Where am I getting contamination?


RMJ

Recommended Posts

RMJ Mentor

It took me several years to get all of my antibody levels in the normal range, where they stayed for several years.  I had my annual blood tests earlier this week and the DGP IgA was low positive, the DGP IgG was negative but much higher than usual. Even those of us with years of experience can mess up.

I’ve tried to make a list of changes to diet/possible exposure during the last year.  Any opinions from experts as to what is the most likely source of contamination? I don’t get symptoms so I can’t tell what got to me. My house is not gluten free but we keep everything well separated (separate dishes, food prep areas, utensils, etc). I rarely eat out, and not at all since February.

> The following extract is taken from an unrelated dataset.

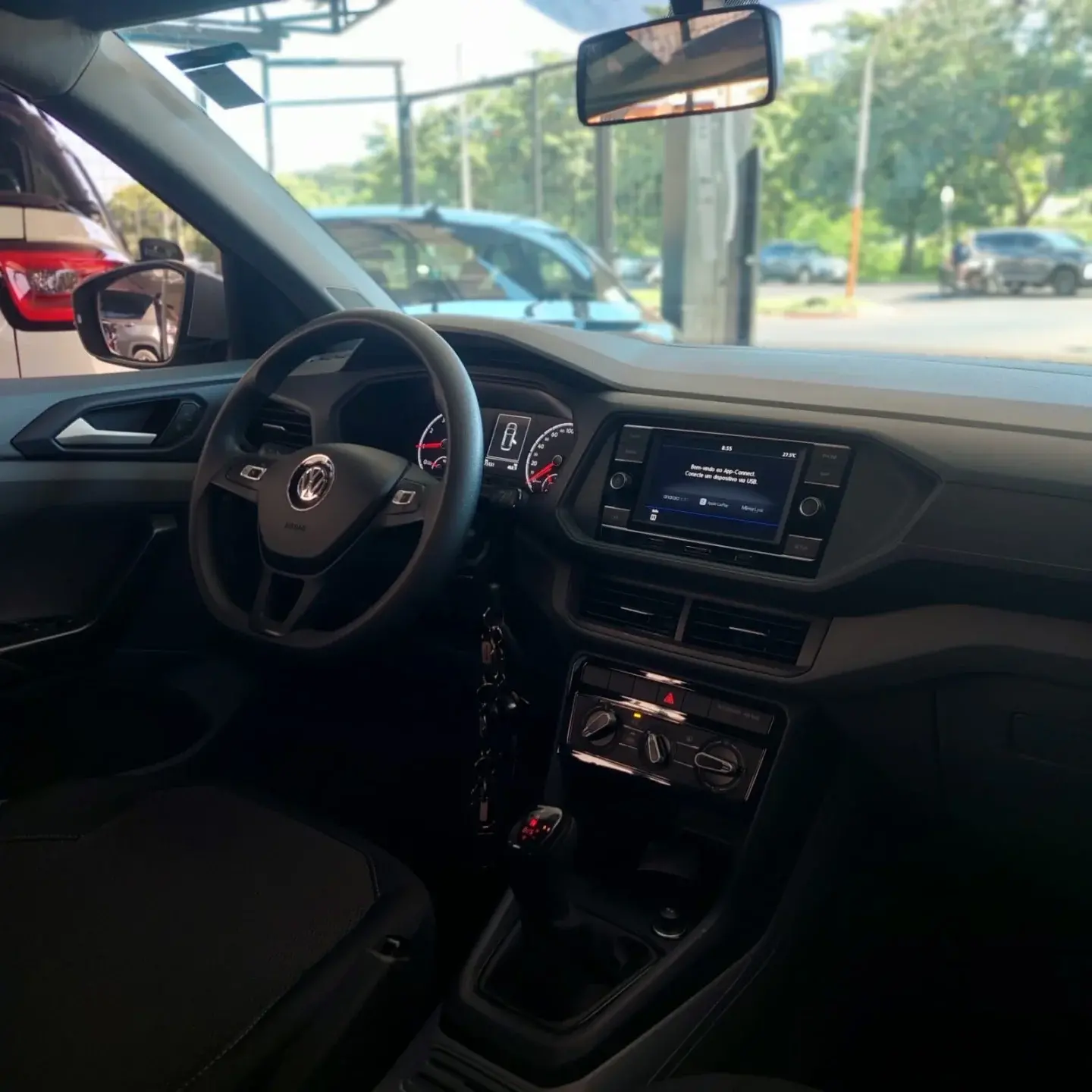 VOLKSWAGEN T-Cross - Foto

August 2019 dog started new dog food (no gluten ingredients).  I always wash my hands after handling it.

September 2019 started baking with various Bob’s Red Mill gluten-free flours (made in separate facility and tested).

November 2019 dog started a probiotic. It is a powder and I can smell it, perhaps I inhale some. I wash my hands after putting it on dog’s food. I can’t tell on what medium the bacteria are grown.

Occasional use of canned tomatoes, labeled gluten free.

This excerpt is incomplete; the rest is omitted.